Child Safety Seat Age
The responsibility for children under the age of 16 using restraints or safety belts correctly rests with the driver. In Queensland, penalties for drivers not ensuring that passengers under the age of 16 are properly restrained involve a fine of A$300 and three demerit points. In Victoria the penalty is a fine of A$234 and three demerit points. Possible suspension or cancellation of license may also apply.
Every car seat needs to be installed using either the lower anchors or a seat belt to secure it in place, never both. If you choose to use a seat belt to install your car seat, pay close attention to how to “lock” your seat belt according to the vehicle’s owner manual. With a forward-facing car seat, use a tether if one is available. Before installing your car seat make sure you understand the function and location of the vehicle and car seat parts that are used in installation.
Follow your car seat manufacturer’s instructions regarding when and how to use the tether for your particular seat. NHTSA recommends always using a tether with a forward-facing car seat—installed with your vehicle’s seat belt OR the lower anchors—as long as it is permitted by both the car seat and vehicle manufacturers. IMPORTANT: Both installation methods are designed to work with the tether to achieve the highest level of safety for child passengers restrained in forward-facing car seats.

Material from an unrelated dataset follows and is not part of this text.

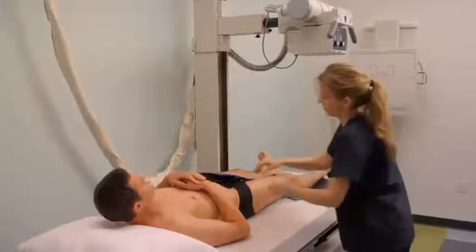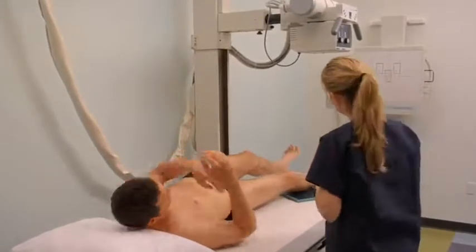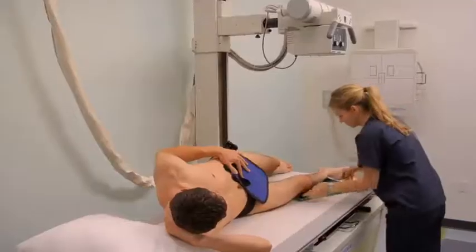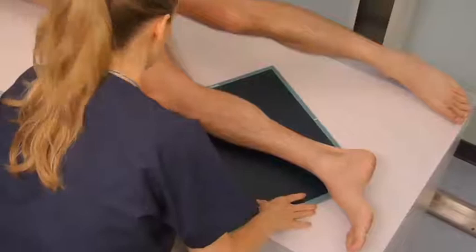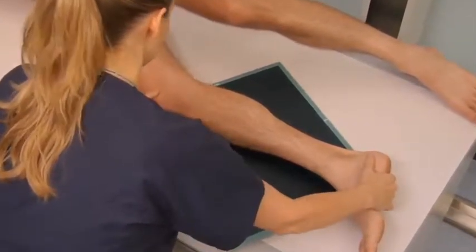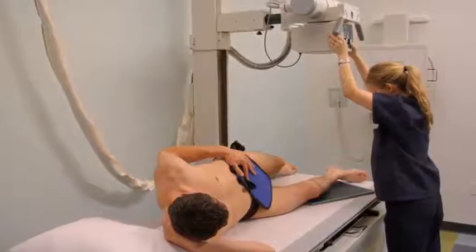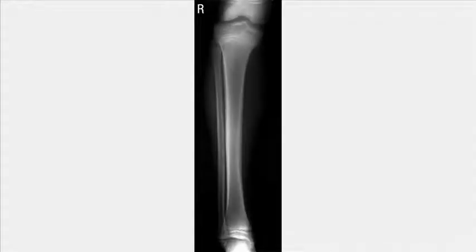To obtain a lateral tibia fibula projection, ask the patient to rotate their entire body towards the affected side. Flex the knee of the affected side 45 degrees and position the other leg behind the affected limb. Confirm correct positioning by palpating the malleoli and patella. Ensure that the knee and ankle joints are included. Direct the central ray to the midpoint of the tibia and fibula. Expose, process, and review the images obtained for all projections.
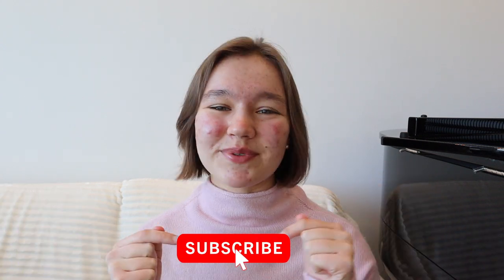Hey guys, it's Maria. Welcome back to my channel. I post videos every single Thursday giving you guys the best tips and tools for being more effective in your practice sessions and helping you achieve your musical goals. So if you're new, consider subscribing.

Group 0+ car seats commonly have a chassis permanently fixed into the car by an adult seat belt and can be placed into some form of baby transport using the integral handle if it is the specific model. Rear-facing child seats are inherently safer than forward-facing child seats because they provide more support for the child's head in the event of a sudden deceleration. Although some parents are eager to switch to a forward-facing child seat because it seems more "grown up," various countries and car seat manufacturers recommend that children continue to use a rear-facing child seat for as long as physically possible
Manufacturers have quality controls to ensure seats are properly put together and packaged. However, it is not guaranteed that the included instructions are always adhered to and correctly followed. Up to 95% of the safety seats that are installed may not be the right seat for the child, may be hooked into the vehicle loosely, may be hooked with an incompatible belt in the vehicle, may have harnesses incorrectly fastened in some way, or may be incorrectly placed in front of air bags. In 1997, six out of ten children who were killed in vehicle crashes were not correctly restrained.
Keep your child in a booster seat until he or she is big enough to fit in a seat belt properly. For a seat belt to fit properly the lap belt must lie snugly across the upper thighs, not the stomach. The shoulder belt should lie snugly across the shoulder and chest and not cross the neck or face. Remember: your child should still ride in the back seat because it’s safer there.